Data in this exercise:
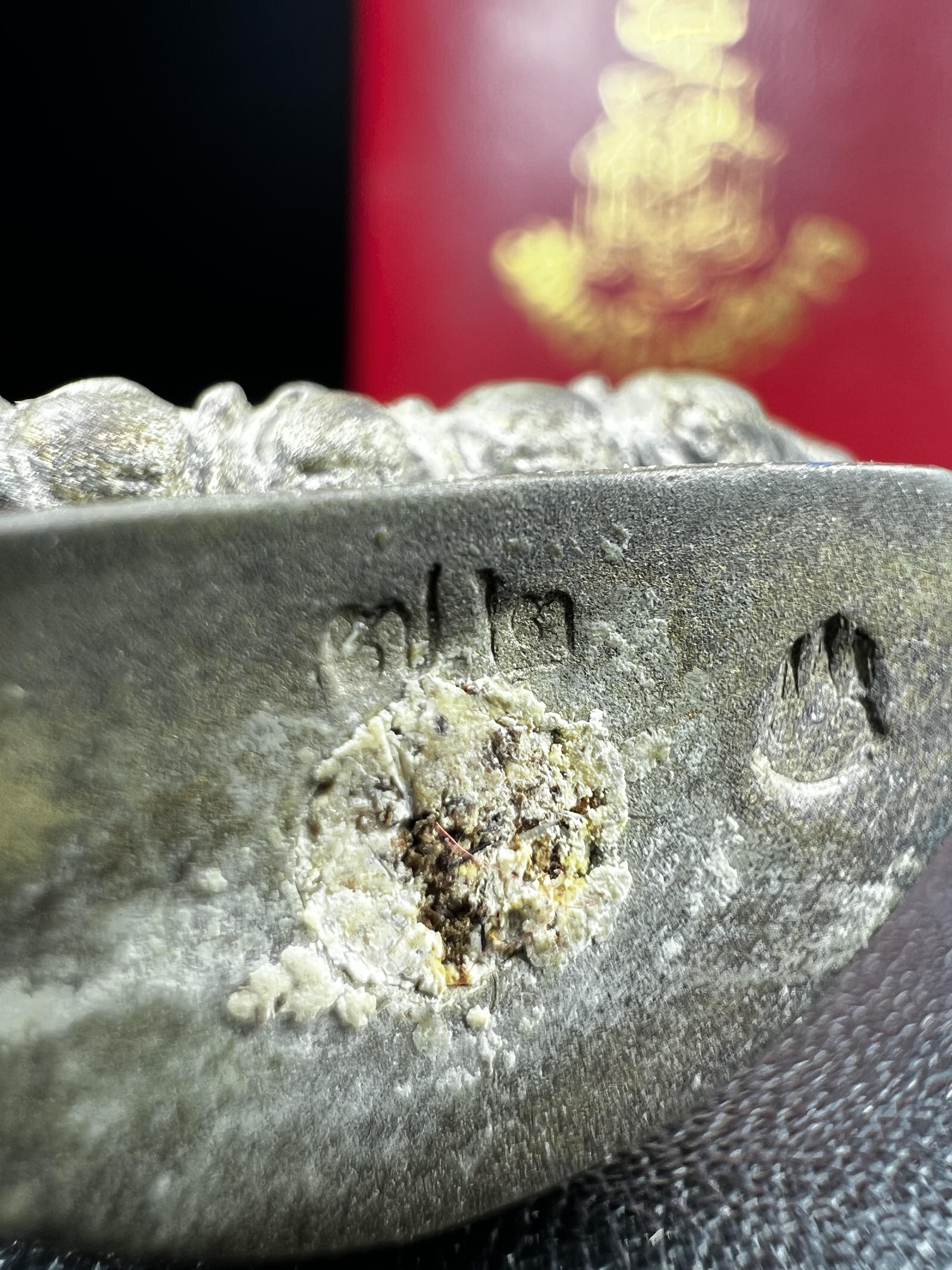 พระอวโลกิเตศวร (เจ้าแม่กวนอิม) วัดบวรนิเวศวิหาร ปี 2538 เนื้อเงินพ่นทราย อุดผงจิตรลดา เกศาสมเด็จพระสังฆราช วัดบวรนิเวศวิหาร(พบเจอน้อยหายาก)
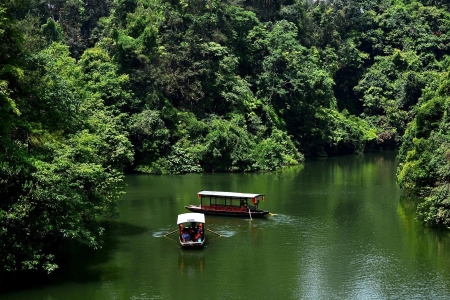 Black-awning Boats，Stone Elephant Lake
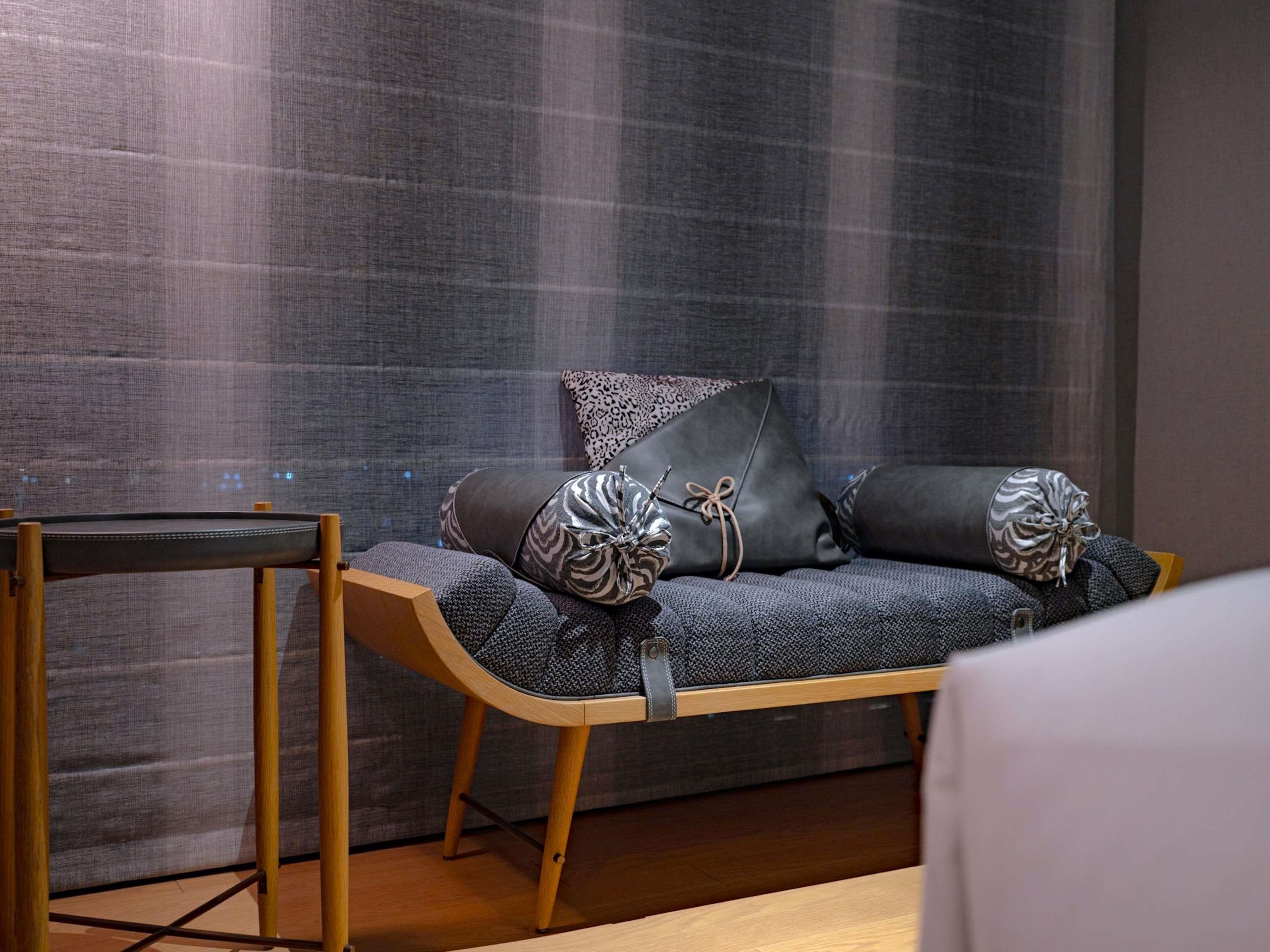 Room Deluxe King Bed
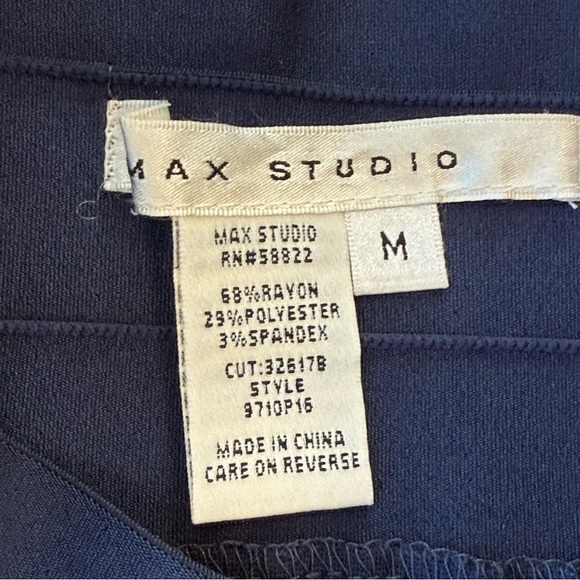 Max Studio Navy Pencil Skirt Size Medium - Picture 4 of 6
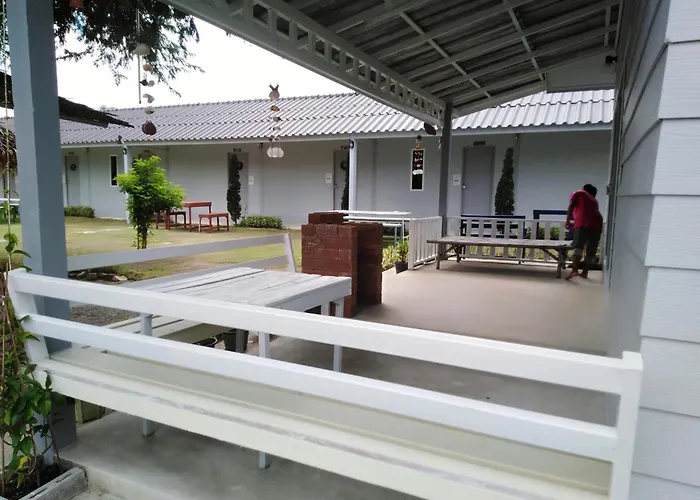 บ้านไม้หอมบูติค สวนผึ้ง โรงแรม 3*
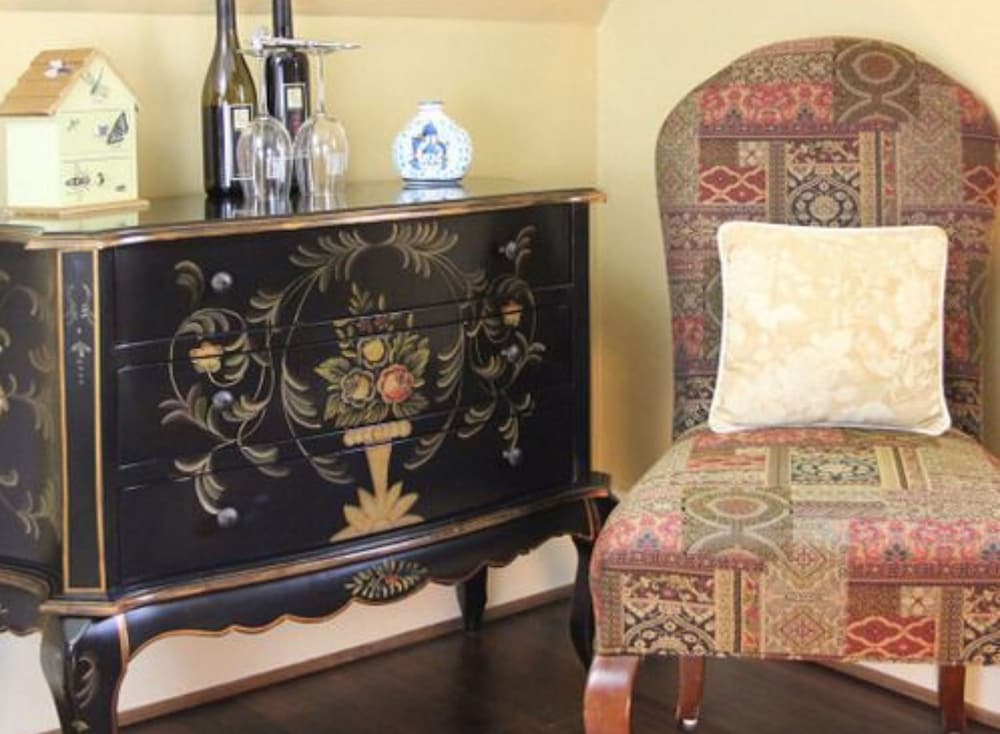 Hillbrook Inn - photo 12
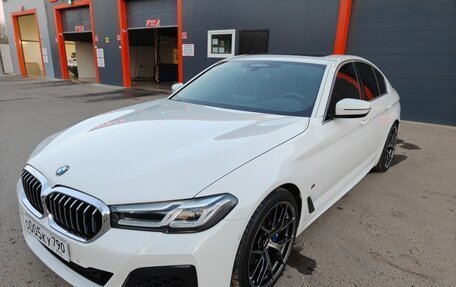 BMW 5 серия, 2021 год, 6 190 000 рублей, 3 фотография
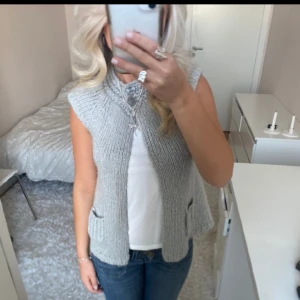 Grå/silvrig stickad kofta väst - Säljer denna gråa/silvriga stickad kofta/väst. Har du någon fråga är det bara att höra av dig🫶🏻
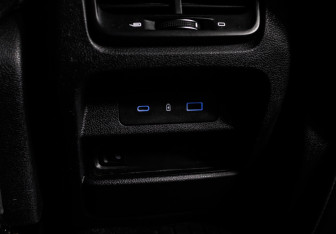 Подержанный автомобиль Geely Tugella 2023 года (16 фото)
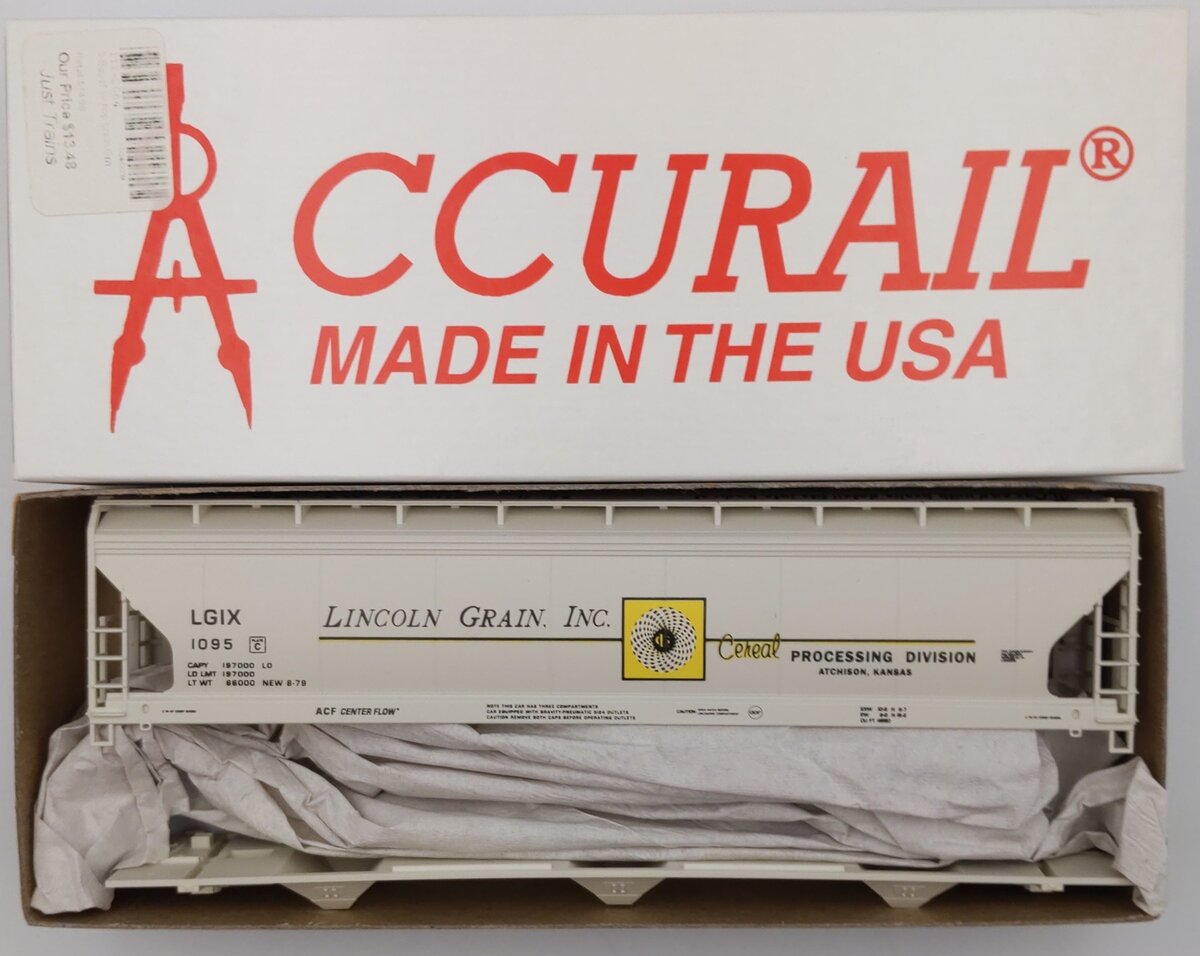 Accurail 2064.9 HO Lincoln Grain 3-Bay Covered Hopper Kit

What the exercise asks: Reproduce precisely the lines of the listing above, from the line containing "Hillbrook Inn - photo 12" to the last line, both ends included. Pictures are to be omitted.

Result below:
 Hillbrook Inn - photo 12
 BMW 5 серия, 2021 год, 6 190 000 рублей, 3 фотография
 Grå/silvrig stickad kofta väst - Säljer denna gråa/silvriga stickad kofta/väst. Har du någon fråga är det bara att höra av dig🫶🏻
 Подержанный автомобиль Geely Tugella 2023 года (16 фото)
 Accurail 2064.9 HO Lincoln Grain 3-Bay Covered Hopper Kit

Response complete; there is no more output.